Task description: Transcribe word for word the lines below from the line with "Humpback, humpbacks, humpback" through the line with "Пион LEMON CLOUDS", ends included.

Data under study:
········

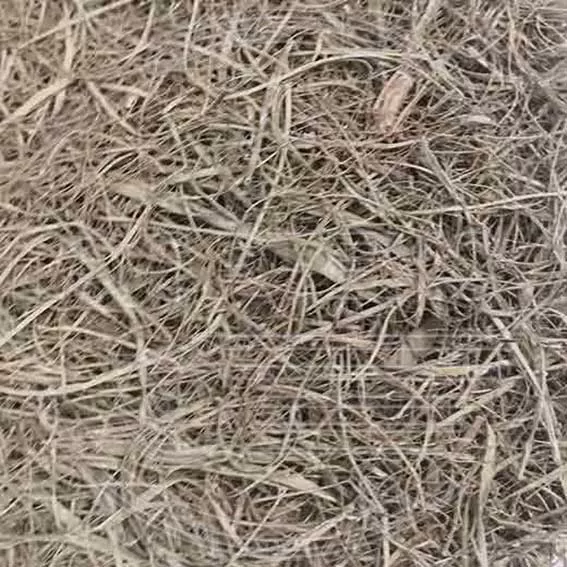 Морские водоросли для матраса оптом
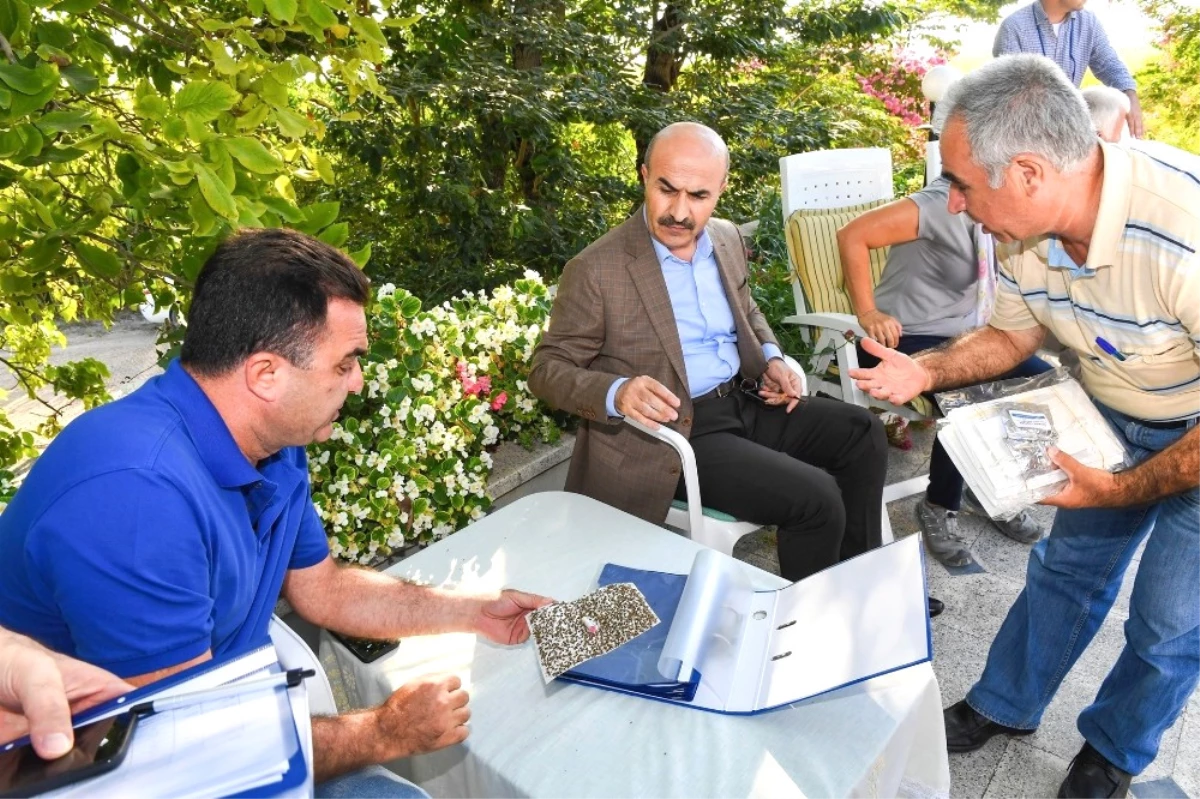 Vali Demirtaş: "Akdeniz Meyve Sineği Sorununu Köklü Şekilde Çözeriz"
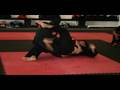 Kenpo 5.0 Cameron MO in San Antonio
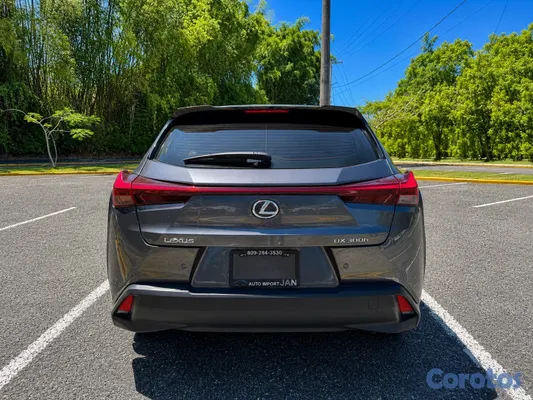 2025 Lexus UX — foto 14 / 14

········

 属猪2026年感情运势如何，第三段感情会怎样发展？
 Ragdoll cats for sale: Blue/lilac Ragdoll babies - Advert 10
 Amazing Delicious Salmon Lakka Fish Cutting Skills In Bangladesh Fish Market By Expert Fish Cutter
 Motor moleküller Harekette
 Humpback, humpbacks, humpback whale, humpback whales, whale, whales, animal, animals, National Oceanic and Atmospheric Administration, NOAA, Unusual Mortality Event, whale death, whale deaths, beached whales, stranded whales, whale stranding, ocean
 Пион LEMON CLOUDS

········

Exercise response:
 Humpback, humpbacks, humpback whale, humpback whales, whale, whales, animal, animals, National Oceanic and Atmospheric Administration, NOAA, Unusual Mortality Event, whale death, whale deaths, beached whales, stranded whales, whale stranding, ocean
 Пион LEMON CLOUDS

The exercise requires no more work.